Identifying usage patterns

The usage pattern that we track in this article consists of two types of data:

  1. Processes. Processes identify what the Pi does.
  2. Network connections. Network connections identify how the Pi communicates with all the other things. The connections can be divided further into two types:
    1. Listening sockets. Listening sockets are used by other systems to connect to the Pi as a server.
    2. Active connections. Active connections can enable the Pi to act as a client by connecting to other devices as servers.

Processes and listening sockets can be identified by polling the Pi periodically to see what is currently running and which ports are in listen mode, waiting for connections.

Active connections, however, can be very short lived. To identify them, you need to have an active tcpdump process.

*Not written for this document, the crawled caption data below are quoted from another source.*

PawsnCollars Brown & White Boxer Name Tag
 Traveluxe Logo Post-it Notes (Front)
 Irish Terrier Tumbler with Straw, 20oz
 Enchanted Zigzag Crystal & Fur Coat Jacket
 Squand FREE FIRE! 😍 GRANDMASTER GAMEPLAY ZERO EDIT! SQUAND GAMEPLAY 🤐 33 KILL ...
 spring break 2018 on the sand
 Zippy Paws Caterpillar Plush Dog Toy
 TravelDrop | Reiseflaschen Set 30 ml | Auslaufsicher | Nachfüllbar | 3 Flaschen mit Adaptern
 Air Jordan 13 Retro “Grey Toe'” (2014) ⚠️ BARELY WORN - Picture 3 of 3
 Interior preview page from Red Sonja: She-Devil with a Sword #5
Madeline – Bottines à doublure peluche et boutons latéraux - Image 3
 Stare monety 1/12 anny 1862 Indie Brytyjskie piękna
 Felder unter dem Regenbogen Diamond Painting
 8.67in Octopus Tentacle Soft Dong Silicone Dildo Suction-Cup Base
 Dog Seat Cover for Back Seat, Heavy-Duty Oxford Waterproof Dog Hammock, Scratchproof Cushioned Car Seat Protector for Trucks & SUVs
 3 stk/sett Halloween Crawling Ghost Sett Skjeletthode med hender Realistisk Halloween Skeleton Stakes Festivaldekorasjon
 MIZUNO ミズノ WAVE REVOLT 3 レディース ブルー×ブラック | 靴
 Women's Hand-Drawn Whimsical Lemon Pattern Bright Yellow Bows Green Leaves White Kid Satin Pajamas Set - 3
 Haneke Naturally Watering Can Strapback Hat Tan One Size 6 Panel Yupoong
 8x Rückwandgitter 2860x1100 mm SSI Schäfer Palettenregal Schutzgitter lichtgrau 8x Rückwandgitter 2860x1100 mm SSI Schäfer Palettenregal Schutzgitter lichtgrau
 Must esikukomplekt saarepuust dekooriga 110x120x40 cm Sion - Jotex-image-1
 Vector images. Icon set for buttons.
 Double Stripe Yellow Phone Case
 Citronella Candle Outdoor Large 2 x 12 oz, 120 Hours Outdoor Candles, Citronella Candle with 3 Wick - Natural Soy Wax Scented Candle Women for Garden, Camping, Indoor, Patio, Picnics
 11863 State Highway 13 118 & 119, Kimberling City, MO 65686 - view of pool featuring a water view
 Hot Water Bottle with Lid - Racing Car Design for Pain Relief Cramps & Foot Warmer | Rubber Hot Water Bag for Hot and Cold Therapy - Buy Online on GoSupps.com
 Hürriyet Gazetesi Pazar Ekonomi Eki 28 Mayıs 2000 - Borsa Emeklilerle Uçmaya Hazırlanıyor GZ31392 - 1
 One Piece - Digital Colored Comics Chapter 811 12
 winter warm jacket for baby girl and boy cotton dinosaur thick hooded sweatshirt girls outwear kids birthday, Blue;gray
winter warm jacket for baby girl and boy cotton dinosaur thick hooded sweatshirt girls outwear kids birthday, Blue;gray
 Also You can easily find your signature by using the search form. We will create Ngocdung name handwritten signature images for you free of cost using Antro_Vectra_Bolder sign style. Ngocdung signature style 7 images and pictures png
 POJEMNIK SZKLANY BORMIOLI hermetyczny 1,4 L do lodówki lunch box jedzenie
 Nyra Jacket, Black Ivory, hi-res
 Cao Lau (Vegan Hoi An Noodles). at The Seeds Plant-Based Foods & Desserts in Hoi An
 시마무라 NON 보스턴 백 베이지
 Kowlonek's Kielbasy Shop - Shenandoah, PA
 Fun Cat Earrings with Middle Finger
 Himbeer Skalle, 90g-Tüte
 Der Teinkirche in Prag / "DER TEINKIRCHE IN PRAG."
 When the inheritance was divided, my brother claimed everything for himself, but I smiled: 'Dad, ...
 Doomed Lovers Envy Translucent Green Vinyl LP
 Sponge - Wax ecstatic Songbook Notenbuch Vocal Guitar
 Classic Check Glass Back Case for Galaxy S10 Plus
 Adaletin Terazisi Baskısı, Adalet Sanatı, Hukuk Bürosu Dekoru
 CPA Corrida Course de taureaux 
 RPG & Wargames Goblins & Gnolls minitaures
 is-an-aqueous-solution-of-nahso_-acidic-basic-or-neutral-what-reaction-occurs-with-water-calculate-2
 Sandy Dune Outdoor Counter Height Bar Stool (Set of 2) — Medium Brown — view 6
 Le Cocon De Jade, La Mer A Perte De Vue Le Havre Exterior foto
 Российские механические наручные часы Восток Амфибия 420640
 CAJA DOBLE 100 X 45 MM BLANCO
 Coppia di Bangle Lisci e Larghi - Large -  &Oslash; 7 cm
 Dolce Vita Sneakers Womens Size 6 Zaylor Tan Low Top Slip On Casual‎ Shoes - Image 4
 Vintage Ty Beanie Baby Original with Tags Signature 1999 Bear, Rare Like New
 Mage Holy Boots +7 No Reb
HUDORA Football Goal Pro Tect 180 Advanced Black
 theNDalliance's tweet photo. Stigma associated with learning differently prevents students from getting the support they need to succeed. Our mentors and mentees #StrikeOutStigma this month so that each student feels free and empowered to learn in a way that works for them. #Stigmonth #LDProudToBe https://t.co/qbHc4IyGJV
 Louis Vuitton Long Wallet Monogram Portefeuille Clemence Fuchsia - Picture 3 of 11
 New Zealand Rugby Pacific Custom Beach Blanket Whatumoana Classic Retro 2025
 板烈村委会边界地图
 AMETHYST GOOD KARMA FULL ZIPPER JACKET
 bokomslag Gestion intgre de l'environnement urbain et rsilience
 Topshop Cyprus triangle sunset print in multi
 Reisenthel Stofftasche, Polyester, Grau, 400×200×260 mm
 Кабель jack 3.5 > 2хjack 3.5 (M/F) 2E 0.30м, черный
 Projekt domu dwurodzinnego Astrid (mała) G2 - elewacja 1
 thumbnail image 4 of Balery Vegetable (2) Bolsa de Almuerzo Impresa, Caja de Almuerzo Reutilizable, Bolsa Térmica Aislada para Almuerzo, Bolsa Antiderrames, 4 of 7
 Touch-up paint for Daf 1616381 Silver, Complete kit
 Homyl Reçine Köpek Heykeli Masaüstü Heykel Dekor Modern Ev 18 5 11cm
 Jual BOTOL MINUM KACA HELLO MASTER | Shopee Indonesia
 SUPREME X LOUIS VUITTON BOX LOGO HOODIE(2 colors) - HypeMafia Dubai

You can use the get_pattern.js script that is available in my GitHub repo (Securing_Raspberry_Pi_in_Your_Device) to identify the usage pattern. You can put this script anywhere on the file system of your Raspberry Pi, and run the script by using Node.js:

node get_patterns.js

Processes

To build the processes part of the usage pattern, which represents what the Pi does, we need to repeatedly look at the list of processes and see what is running.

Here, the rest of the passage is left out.